To resist such coming to terms at home, Russian authorities apparently feel that they must resist that process in neighboring countries as well. By stirring up enmity within Russia against Estonia over the Bronze Soldier, the Kremlin seeks to immunize the public against any Russian form of Vergangenheits-Bewaeltigung (Germany’s post-Nazi comprehension of its history) so as to avoid internal challenges to the Soviet-successor ruling elite.

The European Union collectively and its current German presidency in particular, do not seem to have thought through the implications of Moscow’s strategy in this crisis thus far. Instead of dealing with Russia’s assault on Estonia as an EU problem, most member governments and most authorities in Brussels treat the crisis as a bilateral Russia-Estonia problem.
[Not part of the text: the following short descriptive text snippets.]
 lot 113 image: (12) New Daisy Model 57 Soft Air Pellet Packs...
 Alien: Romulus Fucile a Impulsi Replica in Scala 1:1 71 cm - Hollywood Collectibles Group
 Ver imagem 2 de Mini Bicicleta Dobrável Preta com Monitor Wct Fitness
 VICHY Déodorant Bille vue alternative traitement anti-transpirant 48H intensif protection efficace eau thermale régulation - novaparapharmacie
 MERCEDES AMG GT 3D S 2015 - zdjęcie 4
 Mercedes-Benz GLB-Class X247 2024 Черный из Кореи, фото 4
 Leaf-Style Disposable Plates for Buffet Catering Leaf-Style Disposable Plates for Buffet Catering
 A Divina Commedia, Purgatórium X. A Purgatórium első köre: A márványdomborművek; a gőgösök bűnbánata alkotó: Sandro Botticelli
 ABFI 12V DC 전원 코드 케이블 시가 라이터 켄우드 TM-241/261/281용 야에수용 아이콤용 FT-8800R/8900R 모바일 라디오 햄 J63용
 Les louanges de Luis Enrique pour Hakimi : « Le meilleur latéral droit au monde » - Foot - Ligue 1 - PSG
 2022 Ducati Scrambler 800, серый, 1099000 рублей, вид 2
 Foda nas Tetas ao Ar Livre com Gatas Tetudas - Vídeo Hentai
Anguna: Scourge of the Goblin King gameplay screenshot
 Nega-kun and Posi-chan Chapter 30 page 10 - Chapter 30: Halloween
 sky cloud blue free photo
The EU has chosen to concentrate its efforts on a derivative aspect of the crisis — namely, the siege of Estonia’s embassy in Moscow with multiple breaches of the Vienna Convention of Diplomatic Relations. However, the EU has thus far avoided involvement with the core issues at stake in this crisis: Russian bullying of an EU member country, Estonia’s right to sovereign immunity, and EU political solidarity. The EU’s High Representative for the Common Foreign and Security policy, Javier Solana, did address these issues in a supportive telephone call to Tallinn early in the crisis, but this turned out to be a rare exception (BNS, April 29). Other Brussels authorities have declined to speak up on those issues, as have most of the EU’s member governments other than those in the Baltic Sea region.

Germany, current holder of the EU presidency, has positioned itself equidistantly between Tallinn and Moscow on the core political issues. In a spirit of moral and political relativism, Chancellor Angela Merkel and Minister of Foreign Affairs Frank Walter Steinmeier have urged “both sides” in equal measure to show “moderation.”

Meanwhile, Berlin brokered a “compromise” solution to the siege of the Estonian embassy in Moscow. There the situation came to a head on May 2 when activists of the Kremlin-sponsored organization Nashi tried to jostle Estonia’s Ambassador Marina Kaljurand, who was rescued by her bodyguards. On May 3, Steinmeier and Russia’s Minister of Foreign Affairs Sergei Lavrov agreed among themselves that Kaljurand would return to Tallinn “on leave” while Russian authorities would lift the siege at the Embassy (DPA, May 4). Rowdy demonstrators followed Kaljurand all the way to the airport where they staged another “unauthorized” demonstration against Estonia.